Оба приятеля быстро шагали по хорошо утоптанной улице военного городка к главным воротам базы, где торопливо строился ее маленький гарнизон. Солдаты подтягивали ремни и застегивали пряжки, в то время как комендант укрепления, центурион Вераний, пинками и бранью подгонял самых нерасторопных из своих подчиненных. Те все еще вываливались из казарм с охапками спешно собранного по углам снаряжения. Макрон с Катоном обменялись короткими взглядами. Гарнизон состоял из охвостья Второго легиона, забракованного легатом при отборе легионеров в длительный боевой рейд. Бойцы здесь были оставлены совсем никудышные, что сразу бросалось в глаза, и это сердило Макрона.

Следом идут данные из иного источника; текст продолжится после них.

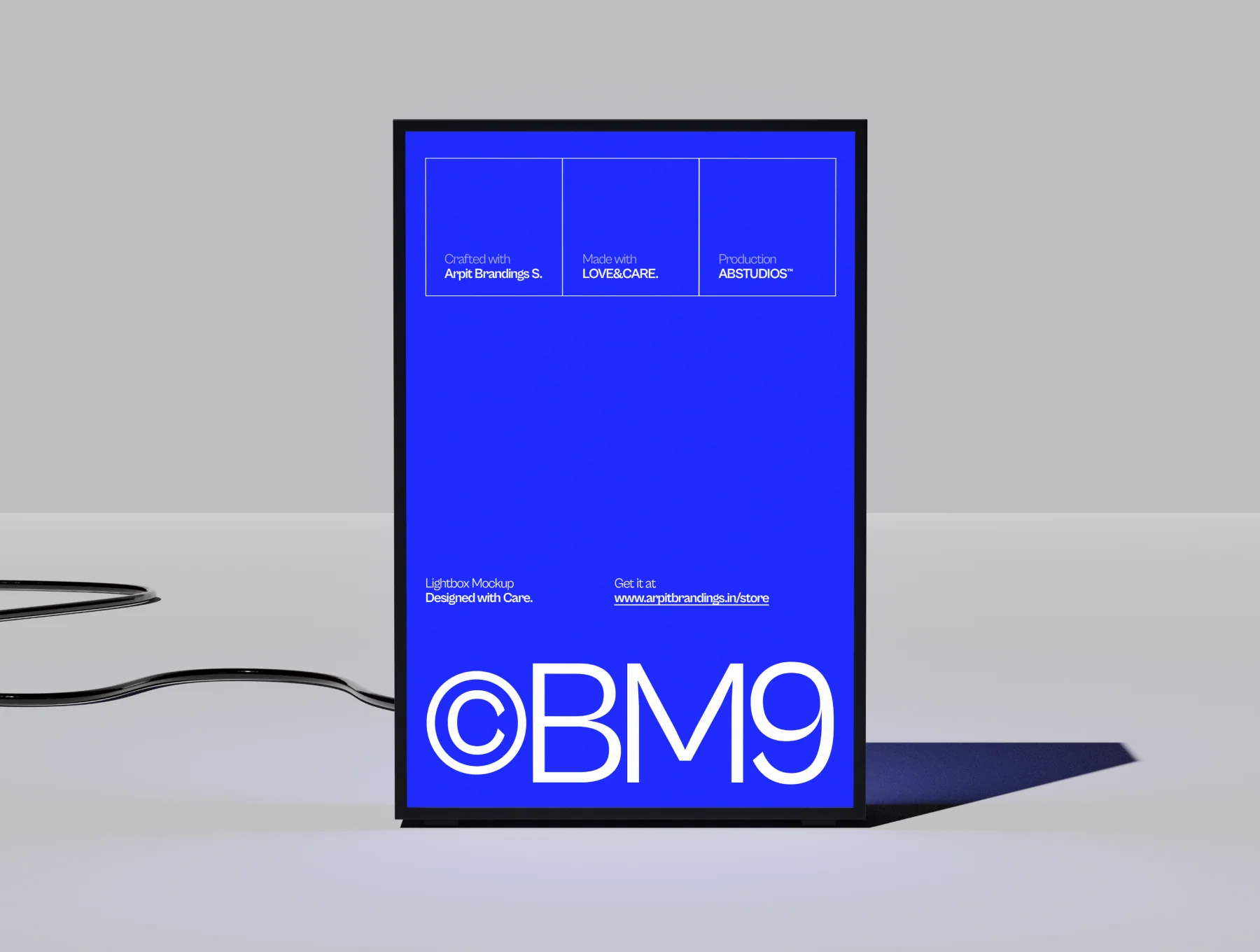 Lightbox Display Mockup 2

— Этот долбаный бардак может обернуться большой бедой, мрачно ворчал он. — Языки ведь не укоротишь, а стоит Каратаку прознать, что за вояки сидят сиднем в Каллеве, он мигом сообразит, что может зайти сюда, когда захочет, и вышвырнуть Верику пинком под зад заодно с этими дундуками.
Верика, престарелый царь атребатов, заключил с римлянами союз чуть ли не в день их высадки на британское побережье. Другое дело, что руководила им отнюдь не тяга к цивилизованной жизни, а личная выгода. Пришельцы вернули Верике трон, с которого тот был ранее согнан, и после захвата Камулодунума, с расширением кампании на юго-запад, царь сам и с великой охотой предложил генералу Плавту располагать Каллевой в своих стратегических целях. Тогда-то к этому городку и была пристроена внушительная опорная база, а Верика в связи с тем не только заручился расположением Рима, но и обеспечил себя прибежищем на тот случай, если вдруг атребаты прислушаются к призывам племен, вовсе не склонных покоряться захватчикам, и ополчатся на чужаков, равно как и на своего государя.
Макрон и Катон миновали ворота, ведущие сквозь крепостной вал в городок. Хотя Веспасиан выделил для защиты своего тылового хозяйства всего две центурии под началом единственного командира, на территории базы при надобности легко могли расквартироваться несколько полноценных когорт. Там помимо учебного плаца, штабной резиденции и легионного госпиталя размещались добротные бревенчатые казармы и, разумеется, просторные складские строения для провианта и прочих припасов, так необходимых Второму легиону, неуклонно продвигавшемуся на запад. Хитроумный вождь дуротригов Каратак, отступая под натиском Плавта, опустошал оставляемые им земли, и наступавшие римляне тоже теперь впрямую зависели от длинной цепи обозов, тянувшихся в глубь огромного острова от Рутупия — римского перевалочного порта, выросшего на том самом месте, где легионы впервые сошли с кораблей.
Катона вновь поразил контраст между строгостью римского лагеря и хаосом Каллевы, являвшей собой невообразимое скопище хижин, заборов, сарайчиков и загончиков для скота. В мирное время здесь проживало около шести тысяч человек, но когда приспешники Каратака принялись грабить обозы римлян и разорять окрестные деревеньки, население городка выросло почти вдвое. Люди теснились в наспех сколоченных лачугах, с каждым днем все больше страдая от голода и предаваясь безрадостным думам.